Selain keris, berkembang pula
teknik pembuatan dan penggunaan tombak.
M.Kesenian
Modern
Kebesaran kerajaan ini dan
berbagai intrik politik yang terjadi pada masa itu menjadi sumber inspirasi
tidak henti-hentinya bagi para seniman masa selanjutnya untuk menuangkan
kreasinya, terutama di Indonesia.
Berikut adalah daftar beberapa karya seni yang berkaitan dengan masa tersebut.
N.Puisi Lama
Serat Darmagandhul, sebuah
kitab yang tidak jelas penulisnya karena menggunakan nama pena Ki Kalamwadi,
namun diperkirakan dari masa Kasunanan Surakarta. Kitab ini berkisah tentang
hal-hal yang berkaitan dengan perubahan keyakinan orang Majapahit dari agama
sinkretis "Buda" ke Islam dan sejumlah ibadah yang perlu dilakukan
sebagai umat Islam.
O.Komik dan Strip Komik
Serial
"Mahesa Rani" karya Teguh Santosa yang dimuat di Majalah Hai,
mengambil latar belakang pada masa keruntuhan Singhasari hingga awal-awal
karier Mada (Gajah Mada), adik seperguruan Lubdhaka, seorang rekan Mahesa
Rani.
Komik/Cerita
bergambar Imperium Majapahit, karya Jan Mintaraga.
Komik
Majapahit karya R.A. Kosasih
Strip komik
"Panji Koming" karya Dwi Koendoro yang dimuat di surat kabar "Kompas"
edisi Minggu, menceritakan kisah sehari-hari seorang warga Majapahit
bernama Panji Koming.
P.Roman/Novel Sejarah
Sandyakalaning
Majapahit (1933), roman sejarah dengan setting masa keruntuhan Majapahit,
karya Sanusi Pane.
Kemelut Di
Majapahit, roman sejarah dengan setting masa kejayaan Majapahit, karya Asmaraman
S. Kho Ping Hoo.
Zaman
Gemilang (1938/1950/2000), roman sejarah yang menceritakan akhir masa
Singasari, masa Majapahit, dan berakhir pada intrik seputar terbunuhnya
Jayanegara, karya Matu Mona/Hasbullah Parinduri.
Senopati
Pamungkas (1986/2003), cerita silat dengan setting runtuhnya Singhasari
dan awal berdirinya Majapahit hingga pemerintahan Jayanagara, karya Arswendo
Atmowiloto.
Dyah
Pitaloka - Senja di Langit Majapahit (2005), roman karya Hermawan Aksan
tentang Dyah Pitaloka Citraresmi, putri dari Kerajaan Sunda yang gugur
dalam Peristiwa Bubat.
Gajah Mada
(2005), sebuah roman sejarah berseri yang mengisahkan kehidupan Gajah Mada
dengan ambisinya menguasai Nusantara, karya Langit Kresna Hariadi.
Q.Film/Sinetron
Tutur
Tinular, suatu adaptasi film karya S. Tidjab dari serial sandiwara radio.
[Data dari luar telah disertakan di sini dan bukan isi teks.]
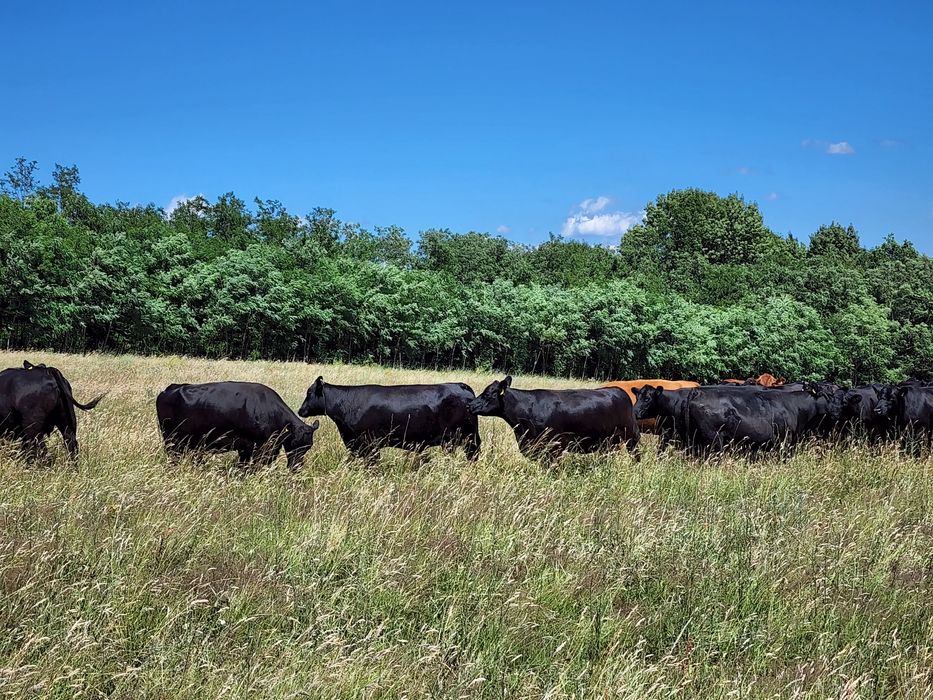 Aberdeen Angus juninci gestante, tauri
Kisah ini berlatar belakang Singhasari pada pemerintahan Kertanegara
hingga Majapahit pada pemerintahan Jayanagara.
Saur Sepuh,
suatu adaptasi film karya Niki Kosasih dari serial sandiwara radio yang
populer pada awal 1990-an. Film ini sebetulnya lebih berfokus pada sejarah
Pajajaran namun berkait dengan Majapahit pula.
Walisongo, sinetron
Ramadhan tahun 2003 yang berlatar Majapahit di masa Brawijaya V hingga
Kesultanan Demak di zaman Sultan Trenggana.